Raven Girl by Audrey Niffenegger
Audrey Niffenegger’s Raven Girl is a slim book that straddles categories. I thought it would be a graphic novel. It isn’t, quite. At 75 pages, I’d call it an illustrated novella. Niffenegger, in her Acknowledgments, calls it a new fairy tale. It certainly has fairy tale aspects, especially a “happy ending” that arrives almost out of nowhere, but it goes beyond traditional fairy tales. The book, Niffenegger tells us, was based on a story she created for the Royal Ballet in London, for a new ballet. If I had to pick a word for Raven Girl, I might choose “fable.”
“There once was a Postman who fell in love with a Raven,” the story begins. The postman is middle-aged, lonely and bored. He knows every step of his route in suburban London, and “… yearned to have an adventure, but suspected that he probably wouldn’t.”
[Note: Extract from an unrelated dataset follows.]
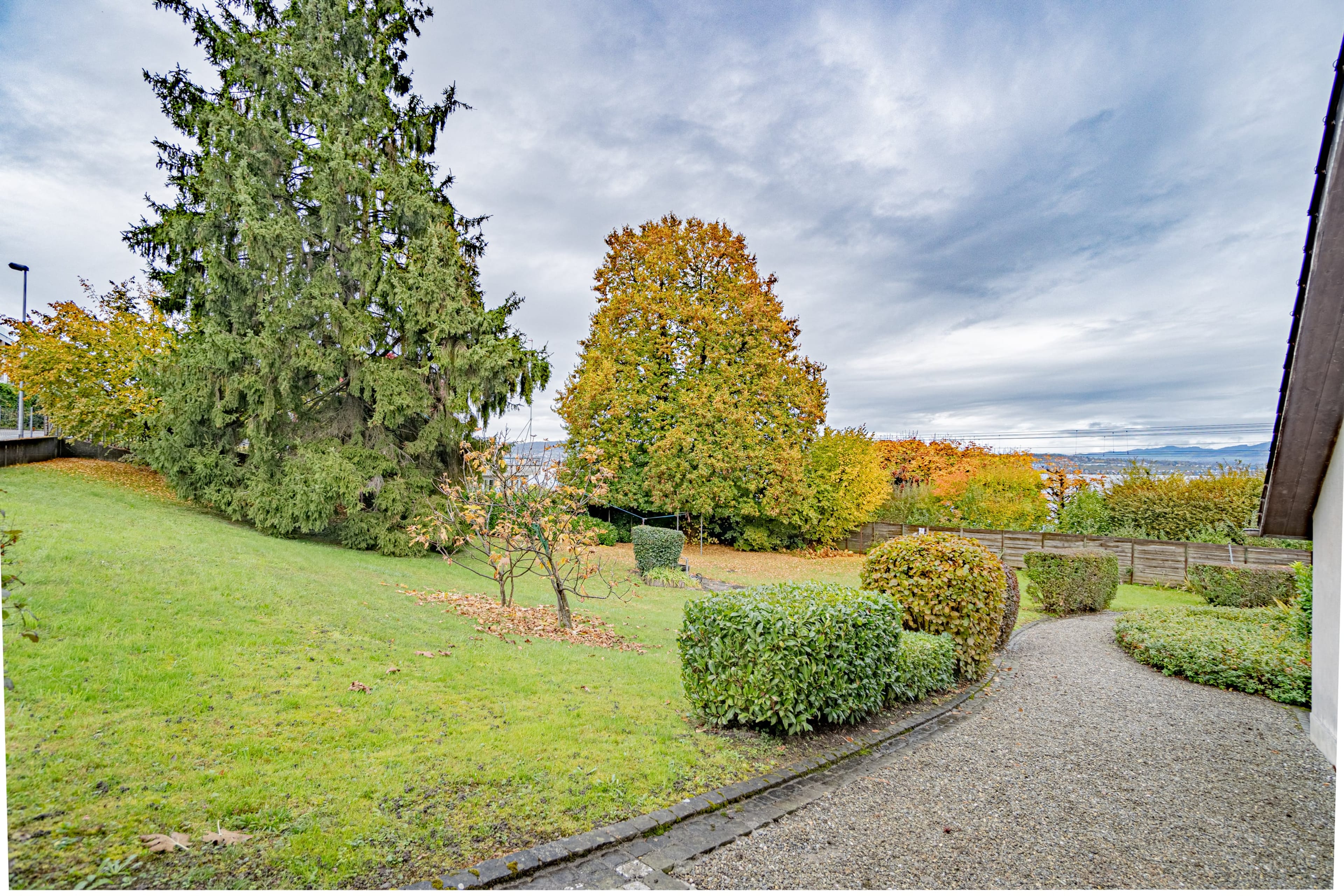 Historisches MFH mit 3 Einheiten und privatem Seepark mit EFH in Richterswil - 8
In this suspicion, he is wrong. The Postman gets a letter in his bag, to be delivered to Dripping Rock, Raven’s nest, in East Underwhelm, Otherworld, which sends him on a long walk into the countryside. There he finds a raven’s nest on a ledge, filled with noisy fledglings, and one fledgling that has fallen from the nest. He brings her home. The Raven is terrified at first (her brothers yelled to her from the nest that the Postman was a cat — they’d never seen a cat but heard bad things about them). She is prepared to be eaten, but soon is charmed by the Postman’s kindness and gentle ways. The Postman is delighted to have a companion who listens to him, and who talks, even though he is never sure if she is responding or just mimicking. When the Raven is ready to fly he carries her outside and she takes wing. He is sure she will leave him, but the Raven returns. Sure now of their love, the Raven and the Postman marry.
Soon they have a daughter. She looks completely human but will not speak the language of humans, only that of ravens. She wishes she could fly but she has arms and wings, not hands. The Raven tries to persuade her that hands are wonderful things, but Raven Girl is not satisfied.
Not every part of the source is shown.